### DATASET SECTION
---------------

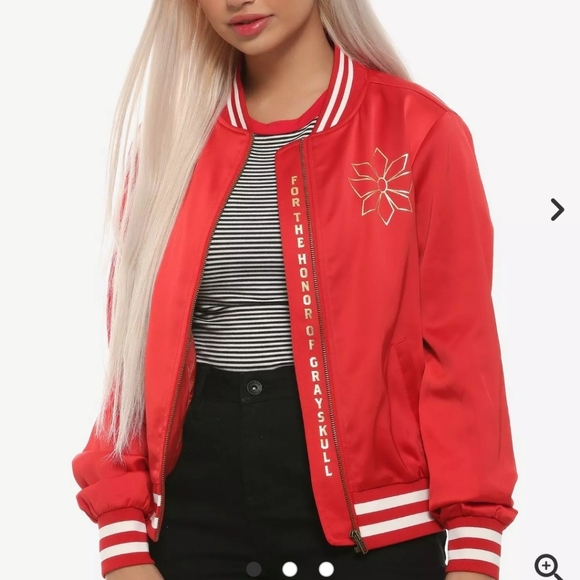 XL Red Satin Jacket with Gold Lettering - Picture 2 of 10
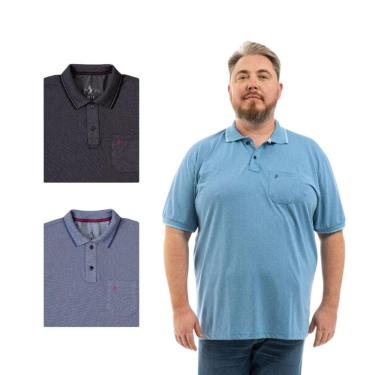 Imagem de Kit 3 Camisa Polo Masculina Plus Size Pique com Bolso Casual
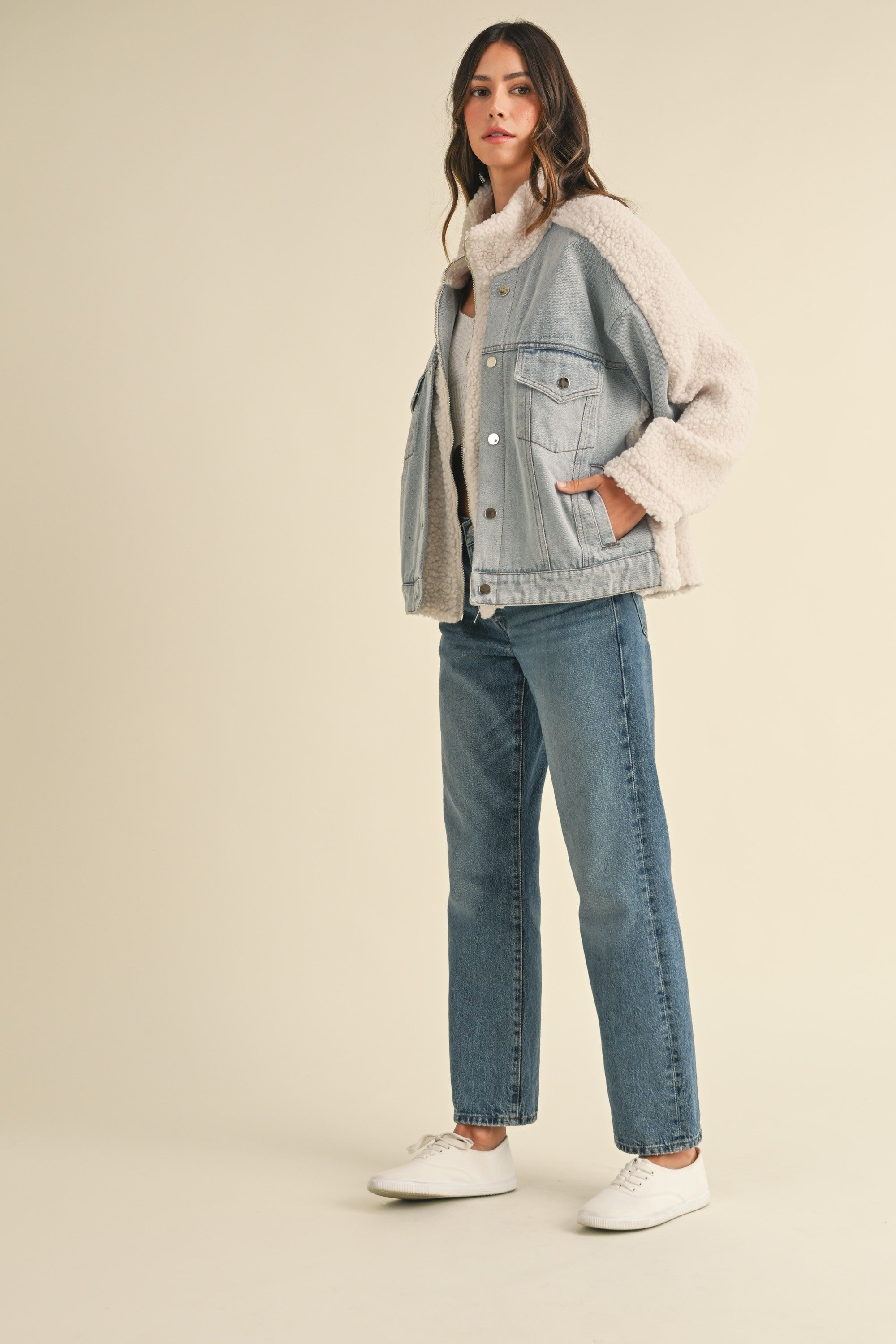 MABLE - FLEECE AND DENIM COMBO OVERSIZED JACKET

---------------

### GOAL OF THE EXERCISE
Please retype the listing above word for word, skipping each picture.

### SOLUTION BELOW
 XL Red Satin Jacket with Gold Lettering - Picture 2 of 10
 Imagem de Kit 3 Camisa Polo Masculina Plus Size Pique com Bolso Casual
 MABLE - FLEECE AND DENIM COMBO OVERSIZED JACKET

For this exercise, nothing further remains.